When the rumblings began that The Hobbit, J.R.R. Tolkien’s prelude to his larger work, The Lord of The Rings, was coming to the big screen, I had reservations, but wasn’t put off entirely. After all, Peter Jackson was on board and I was generally impressed by his cinematic treatment of the trilogy, so optimism seemed warranted. Further credence seemed to come when it circulated that Guillermo Del Toro, a director with a clear eye for the mythological and fantastic who is noted for his love of practical, rather than computer-generated, effects, would collaborate with Jackson in realizing the more fairy-tale tone of the first foray into Middle Earth. But as MGM’s financial fiasco took its toll and stalled the project and Del Toro’s involvement evaporated—followed by the news that The Hobbit would be not one, but two films—worry crept in.
The Hobbit is, by all accounts, a smaller story than the epic Lord of the Rings. Jackson managed to make his Lord of the Rings a trilogy, with each book as one cinematic installment, at a time when the Weinstein brothers were interested in truncating the series into two movies. How was it, then, that one book of about 300 pages needed two movies, when a trilogy of more than 1,000 pages could manage in three? Then the news came out—not just two movies, but a new trilogy. The Hobbit was now a smaller thing, packaged big. It seemed that Tolkien was being treated to the new Hollywood truism of never telling a good—and financially lucrative—story too quickly.
I am not a purist; I am not opposed in principle to books being changed when adapted to the screen.
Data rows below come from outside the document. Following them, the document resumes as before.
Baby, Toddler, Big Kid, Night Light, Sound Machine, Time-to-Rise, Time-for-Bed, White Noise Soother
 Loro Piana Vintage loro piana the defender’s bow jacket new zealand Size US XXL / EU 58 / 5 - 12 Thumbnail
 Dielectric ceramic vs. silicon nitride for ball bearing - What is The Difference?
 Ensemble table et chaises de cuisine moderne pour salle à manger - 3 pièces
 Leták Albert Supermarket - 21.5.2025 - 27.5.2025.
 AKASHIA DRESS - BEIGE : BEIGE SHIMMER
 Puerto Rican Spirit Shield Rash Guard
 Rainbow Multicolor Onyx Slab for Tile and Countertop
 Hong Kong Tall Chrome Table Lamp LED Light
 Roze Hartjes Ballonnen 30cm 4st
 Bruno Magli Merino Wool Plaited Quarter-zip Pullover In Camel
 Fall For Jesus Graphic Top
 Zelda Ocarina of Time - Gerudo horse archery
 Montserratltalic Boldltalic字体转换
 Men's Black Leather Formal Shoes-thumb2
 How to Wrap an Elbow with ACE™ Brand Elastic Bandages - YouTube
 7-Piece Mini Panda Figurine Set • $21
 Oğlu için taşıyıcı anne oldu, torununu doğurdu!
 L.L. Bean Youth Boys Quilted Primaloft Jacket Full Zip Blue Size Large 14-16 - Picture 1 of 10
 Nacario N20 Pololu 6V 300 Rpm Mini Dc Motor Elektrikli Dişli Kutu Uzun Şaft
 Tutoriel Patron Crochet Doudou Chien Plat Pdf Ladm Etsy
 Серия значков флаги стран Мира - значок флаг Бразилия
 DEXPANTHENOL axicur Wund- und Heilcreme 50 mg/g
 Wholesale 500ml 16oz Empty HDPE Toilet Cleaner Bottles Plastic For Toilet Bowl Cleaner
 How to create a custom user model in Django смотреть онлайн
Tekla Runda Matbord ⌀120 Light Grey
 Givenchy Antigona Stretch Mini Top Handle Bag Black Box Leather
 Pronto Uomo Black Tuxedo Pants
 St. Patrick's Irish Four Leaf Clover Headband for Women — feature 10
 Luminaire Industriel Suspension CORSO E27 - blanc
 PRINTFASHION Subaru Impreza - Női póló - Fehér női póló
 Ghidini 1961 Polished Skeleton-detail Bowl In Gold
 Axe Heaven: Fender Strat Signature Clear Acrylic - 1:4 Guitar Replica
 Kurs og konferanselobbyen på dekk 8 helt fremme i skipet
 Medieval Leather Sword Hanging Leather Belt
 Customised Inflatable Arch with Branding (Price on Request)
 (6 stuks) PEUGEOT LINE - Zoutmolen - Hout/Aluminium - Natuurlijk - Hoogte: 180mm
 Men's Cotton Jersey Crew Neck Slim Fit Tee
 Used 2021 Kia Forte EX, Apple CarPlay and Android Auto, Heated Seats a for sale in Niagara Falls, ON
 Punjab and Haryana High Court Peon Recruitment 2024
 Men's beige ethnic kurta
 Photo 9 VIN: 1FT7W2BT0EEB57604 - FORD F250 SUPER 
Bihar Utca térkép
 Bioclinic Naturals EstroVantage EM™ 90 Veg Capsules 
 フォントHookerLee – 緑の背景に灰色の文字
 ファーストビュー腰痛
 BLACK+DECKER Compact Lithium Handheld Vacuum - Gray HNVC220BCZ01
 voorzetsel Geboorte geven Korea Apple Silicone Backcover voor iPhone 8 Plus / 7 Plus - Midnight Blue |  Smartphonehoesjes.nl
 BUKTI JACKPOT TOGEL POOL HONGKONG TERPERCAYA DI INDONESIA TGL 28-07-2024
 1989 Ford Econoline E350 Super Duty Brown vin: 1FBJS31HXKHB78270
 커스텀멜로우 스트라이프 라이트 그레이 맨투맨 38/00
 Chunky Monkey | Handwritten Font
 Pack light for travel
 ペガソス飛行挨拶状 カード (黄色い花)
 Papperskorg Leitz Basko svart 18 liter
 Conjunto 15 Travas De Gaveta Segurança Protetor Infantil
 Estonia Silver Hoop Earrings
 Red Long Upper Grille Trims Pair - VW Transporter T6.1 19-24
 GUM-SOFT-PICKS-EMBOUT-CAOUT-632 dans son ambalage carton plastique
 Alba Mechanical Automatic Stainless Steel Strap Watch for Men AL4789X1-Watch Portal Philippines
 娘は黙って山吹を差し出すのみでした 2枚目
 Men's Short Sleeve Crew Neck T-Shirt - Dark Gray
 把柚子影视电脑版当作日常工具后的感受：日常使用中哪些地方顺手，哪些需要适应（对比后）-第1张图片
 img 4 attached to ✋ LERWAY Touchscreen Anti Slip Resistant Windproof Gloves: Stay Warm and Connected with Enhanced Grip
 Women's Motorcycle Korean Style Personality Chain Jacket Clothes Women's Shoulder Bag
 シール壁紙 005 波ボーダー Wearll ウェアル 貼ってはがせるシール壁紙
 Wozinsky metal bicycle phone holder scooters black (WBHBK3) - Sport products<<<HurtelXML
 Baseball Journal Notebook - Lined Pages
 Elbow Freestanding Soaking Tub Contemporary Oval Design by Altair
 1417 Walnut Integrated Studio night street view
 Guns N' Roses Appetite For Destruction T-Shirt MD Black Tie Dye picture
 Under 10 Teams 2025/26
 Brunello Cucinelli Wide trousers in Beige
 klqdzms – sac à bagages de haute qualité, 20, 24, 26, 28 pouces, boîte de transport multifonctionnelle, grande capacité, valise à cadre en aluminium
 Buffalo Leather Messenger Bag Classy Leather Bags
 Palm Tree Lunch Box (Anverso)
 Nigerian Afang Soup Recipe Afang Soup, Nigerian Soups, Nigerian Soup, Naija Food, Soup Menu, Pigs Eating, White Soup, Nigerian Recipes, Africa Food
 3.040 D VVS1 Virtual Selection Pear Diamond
Books are books and movies are movies. A little added here and a little removed there is going to be part of the polishing process as the story is imported from one medium to the other. But the new Hobbit film, The Desolation of Smaug, continues to demonstrate just how far south too much changing can go. When making any change in adapting a book to film, it should always be asked if the change harms the theme, intention, or characters of the original story. It also should be asked if the change helps the story work better within the limitations of a movie’s runtime.
The main problem with many of the changes and additions in The Desolation of Smaug is that they throw off the rhythm, allowing little or no time to develop either the invented plot elements or the original story. Am I opposed, in principle, to the addition of a burgeoning interracial romance between an invented elf warrior (Evangeline Lilly) and Kili the Dwarf? (If you were wondering why there was an oddly, ruggedly handsome man among the dwarves in the first film, this is the reason.) Perhaps not—if it is dramatically plausible and doesn’t stick out as contrived.
One of the big problems with the changes—some included to better connect with the LOTR films and some to stretch the Hobbit’s story to fill three films—is that they are creating waves of distortions in the overall storyline.